Granite was once one of Hallowell’s biggest industries. An 1877 advertisement placed in the Lewiston Evening Journal by the Hallowell Granite Co. touted that it was “finer than any other granite and lighter in color” with a close resemblance to marble, “but much more serviceable and permanent.”
So once Old Hallowell Day planners decided on a granite theme, they scoured old photographs of the Hallowell Granite Works, said Jane Orbeton, co-chair of the planning committee.
Though Hallowell granite has been used in a lot of prominent structures, including the Maine State House and the Manhattan Bridge arch, Faith stood out, Orbeton said.
“The one that had the figure of Faith seemed to have the most appeal to the public,” she said. “It did a good job of capturing the working people who lived here.”
The picture and theme also have key tie-ins: a historic granite crane the city received as a gift more than 10 years ago. In 1985, KeyBank officials found it in a small quarry the company bought to build a parking lot off Edison Drive in Augusta.
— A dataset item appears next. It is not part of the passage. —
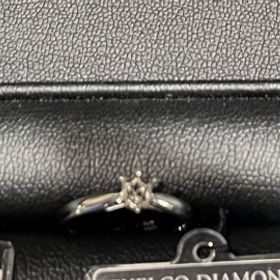 【エクセルコダイヤモンド(EXELCO DIAMOND)の口コミ】 「王道の婚約・結婚指輪」というようなシンプルなデザインです。ヨーロッ…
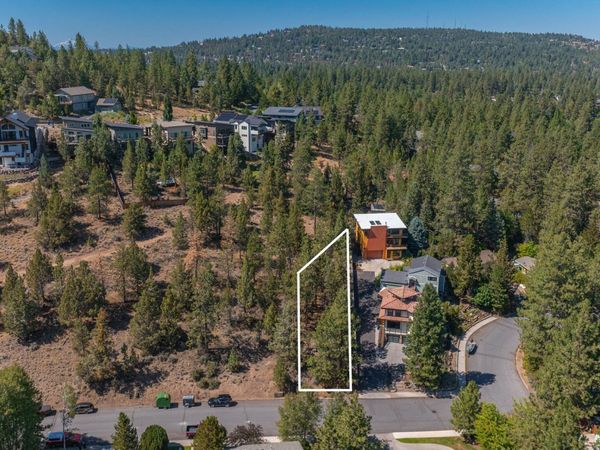 1710 SW Knoll Avenue, Bend, OR 97702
The bank installed it near its parking lot until it leased the building to the Maine Revenue Services in 2003. It was donated to the city then, and it was moved to a spot behind Hallowell’s public works garage after that.
Recently, a group of residents led by Albert Hague and Nancy McInnis, have been attempting to raise money to move the crane to Waterfront Park as a monument to the city’s granite history. The city council has approved it, but the Kennebec Journal reported in April that volunteers would need to raise between $25,000 and $30,000 to move it there.
So if it hadn’t been for the crane, Faith likely wouldn’t have been Hallowell’s central figure this year.
“It was connected to the crane,” Orbeton said. “It seemed like a natural thing this year to devote the day to the granite theme.”
But in Massachusetts, the monument, which is on one of the highest points overlooking Plymouth Bay, has been forgotten over the years.
It’s in a residential area. Trees around the site have grown up since the statue was erected, giving visitors to the monument only an obscured ocean view. In 2006, the state of Massachusetts, which controls the monument, released a plan to improve and increase traffic to the site.
But little has happened there, said Mike Landers, the former president of Friends of the National Monument to the Forefathers, a group that raised money for the site before disbanding in recent years.
“It’s sort of a sad story with the monument,” he said. “It’s somewhat treated as the red-headed stepchild in Plymouth.”
Landers, a Maine native who spent part of his youth in Milo, said his group found it difficult to raise money to restore the monument and its site, and historical groups in Plymouth have prioritized other things.
But he thought Hallowell’s Saturday tribute to the monument was “awesome,” and he wished he could make the three-hour drive north for it.
“At times, I’ve thought it was completely forgotten,” Landers said of the monument. “I’m glad that it’s not.”